Monday, November 29, 2010

Monday, Monday

It was so good to be back with my students today. Man, I miss those little doofuses during extended weekends!

We did some more dialogue review today, looking at a poorly written dialogue with bad mechanics (no paragraphing, missing punctuation), a structurally correct but boring and predictable dialogue, and finally a well-written dialogue (if I do say so myself) with good action words, gestures, descriptive details, and variety. Then, the students wrote their third-person dialogues between them and me.

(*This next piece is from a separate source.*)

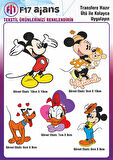 Ütü Ile Yapışan Tekstil Dtf Baskı Görseli Mickey Mouse 5'li Set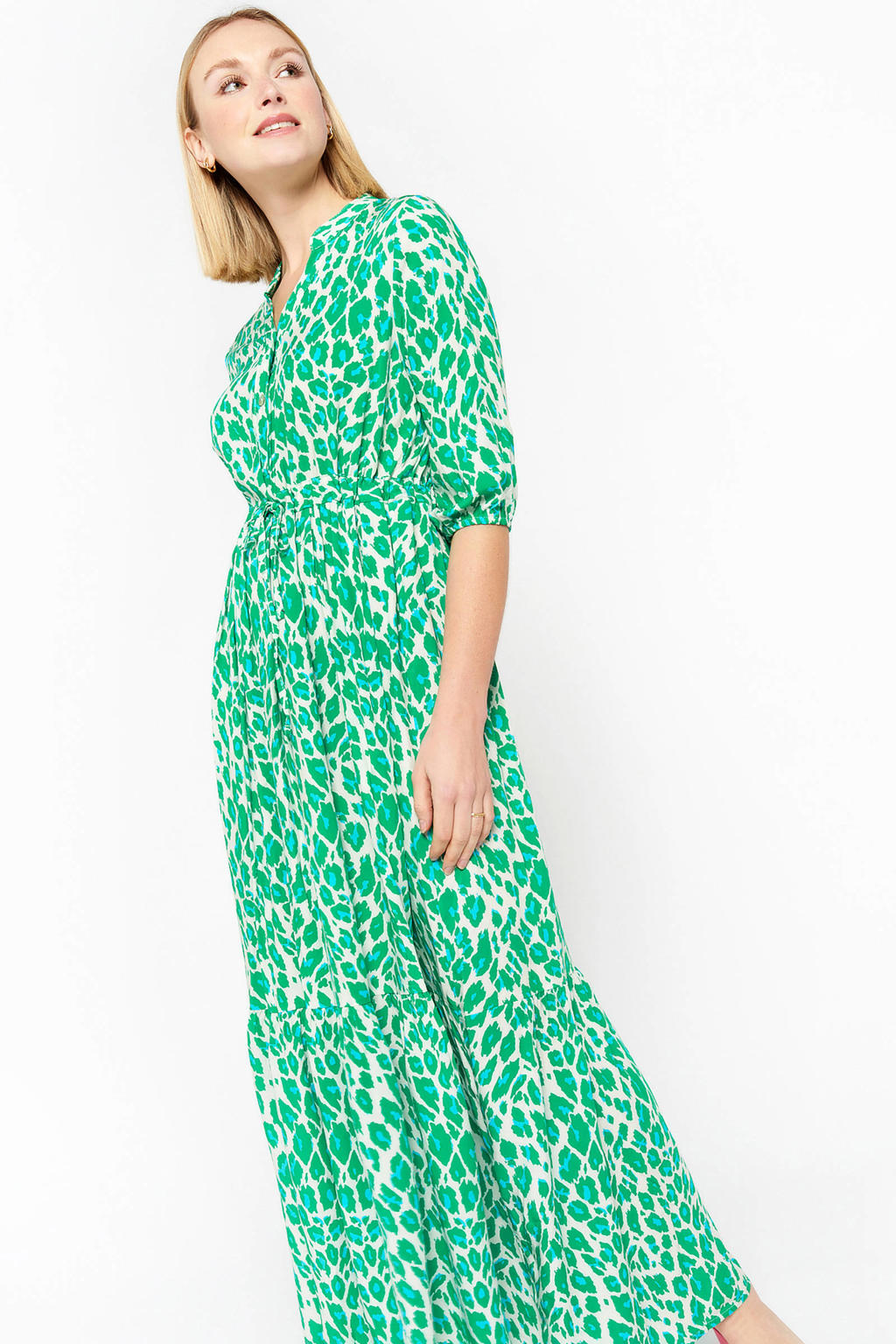 jurk panterprint blauw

We graded the vocabulary test from last week. That's right. I was lazy and didn't feel like doing it myself over the weekend. That's the real explanation. I was going to type that grading the tests in class forces them to look at the words again, but that would have been stretching things a bit.

We looked at seven word parts for our new list:

osteo means "bone" like in osteoporosis (sorry, no easy-peasy word for this one)
ornith means "bird" like an ornithocopter (or this one)
polis means "city" like Indianapolis or metropolis. The word police also comes from this word part.
dia means "across" like diameter, something they should know from math class.
acro means "high" like in the word acrobat. I suffer from acrophobia, by the way.
derm means "skin" like hypodermic from an earlier list. I like pachyderm though.
And zo means "animal" like zoo. There. That makes up for the lack of easy-peasiness earlier.

We had a chance to introduce persuasive writing with some reading from the textbook. We very briefly looked at Aristotle's ideas about ethos, pathos, and logos (persuading with ethical appeals, emotional appeals, and logical appeals) and went over what argument, claims, and support mean for our purposes. Tomorrow, the students will practice doing some persuasive writing with an assignment that ties in with Uglies and will probably serve as a final test type thing with that book.

Tomorrow is also our library day. Students will need to return Uglies, and we'll be starting a new novel called Walk Two Moons. I think the students will like it if they give it a chance.

Oh, I almost forgot! They do have homework. They need to watch some commercials and write a paragraph about one of them. In the paragraph, they need to include the thing/idea that is being "sold," who the intended audience for the commercial might be, what claims the advertisers make, what support is used, and what other ways the advertisers use in their attempts to persuade.